Ultimately, I like what Wanenchak says about these abandoned digital spaces: they are time capsules, acting as snapshots of our own past.
* * * * *
I got married this week, and I’ve decided to change my name. I signed up for a GMail account with my new name for when or if I decide to make the account switch, and also edited the name associated with my Twitter account to see what it looked like. But I wasn’t used to seeing my name written that way, so I changed it back, and I realize that not only is changing my name a big deal, but updating my name on my various digital profiles is a big step, too. Since those years on Diaryland and numerous blogs and social media sites later, I’ve shaped my self—my appearance, personality, voice, and whatever else that entails—and linked an evolving public identity to my name.

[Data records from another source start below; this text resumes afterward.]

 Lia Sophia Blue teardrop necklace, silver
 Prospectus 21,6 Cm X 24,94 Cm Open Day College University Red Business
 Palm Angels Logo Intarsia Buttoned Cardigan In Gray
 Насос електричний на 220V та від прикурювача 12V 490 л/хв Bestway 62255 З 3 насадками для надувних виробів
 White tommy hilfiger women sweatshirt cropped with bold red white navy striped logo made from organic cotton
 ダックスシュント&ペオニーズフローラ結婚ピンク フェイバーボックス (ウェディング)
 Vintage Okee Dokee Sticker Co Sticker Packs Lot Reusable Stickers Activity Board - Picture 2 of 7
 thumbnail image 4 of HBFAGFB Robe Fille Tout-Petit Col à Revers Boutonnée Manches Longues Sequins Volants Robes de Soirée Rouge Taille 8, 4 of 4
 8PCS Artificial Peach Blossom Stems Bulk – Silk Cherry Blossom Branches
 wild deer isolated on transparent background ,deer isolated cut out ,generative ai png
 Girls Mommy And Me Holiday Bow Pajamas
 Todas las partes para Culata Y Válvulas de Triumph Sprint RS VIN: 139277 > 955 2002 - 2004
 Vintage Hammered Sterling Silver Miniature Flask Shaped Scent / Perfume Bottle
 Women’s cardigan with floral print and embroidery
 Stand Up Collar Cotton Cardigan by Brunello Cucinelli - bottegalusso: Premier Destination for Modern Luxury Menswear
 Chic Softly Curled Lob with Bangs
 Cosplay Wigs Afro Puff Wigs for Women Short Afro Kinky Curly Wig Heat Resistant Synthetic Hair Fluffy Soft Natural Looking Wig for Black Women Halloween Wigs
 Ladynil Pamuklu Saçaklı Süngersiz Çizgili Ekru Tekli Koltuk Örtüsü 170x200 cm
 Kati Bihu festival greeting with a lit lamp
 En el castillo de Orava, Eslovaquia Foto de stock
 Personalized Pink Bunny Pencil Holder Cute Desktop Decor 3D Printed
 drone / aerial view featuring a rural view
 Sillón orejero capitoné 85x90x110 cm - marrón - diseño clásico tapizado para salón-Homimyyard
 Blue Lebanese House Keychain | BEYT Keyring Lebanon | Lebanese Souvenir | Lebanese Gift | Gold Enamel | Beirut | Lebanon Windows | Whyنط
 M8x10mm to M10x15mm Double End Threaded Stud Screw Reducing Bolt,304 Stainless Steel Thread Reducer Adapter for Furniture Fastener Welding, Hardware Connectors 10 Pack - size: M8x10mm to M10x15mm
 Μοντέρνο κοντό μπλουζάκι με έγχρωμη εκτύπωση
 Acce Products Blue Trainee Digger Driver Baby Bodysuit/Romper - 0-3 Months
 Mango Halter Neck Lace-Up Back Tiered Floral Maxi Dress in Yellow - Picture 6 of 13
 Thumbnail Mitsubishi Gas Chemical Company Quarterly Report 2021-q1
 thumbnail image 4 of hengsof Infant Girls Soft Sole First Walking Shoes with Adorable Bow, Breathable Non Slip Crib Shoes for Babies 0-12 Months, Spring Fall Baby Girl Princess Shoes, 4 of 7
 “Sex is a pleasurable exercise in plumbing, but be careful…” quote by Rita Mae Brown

So I’ve thought about what digital spaces I’ll update with this name change, and which ones I may leave alone, and why I choose to make this distinction. I updated my name on Facebook—minus the reaction I had after updating my Twitter account—which makes me wonder about the identities maintained on each of these networks, the distinct spheres of my Internet, and the different levels of public.
Why does a name change make more sense on one digital space, but not another?
I’m not quite sure.
* * * * *
It’s interesting to think how updating a profile with my new name permits the present to continue flowing through it, while not updating my name on another profile instantly dates it: places it on a timeline, transforms it into a snapshot of a past moment. It will become, as Wanenchak writes, “a place in which the future has simply never happened.”
So what would my digital footprint look like in the future, with these black holes of data scattered on the Internet, as if I was forever single on some spaces, and yet married and aged in others?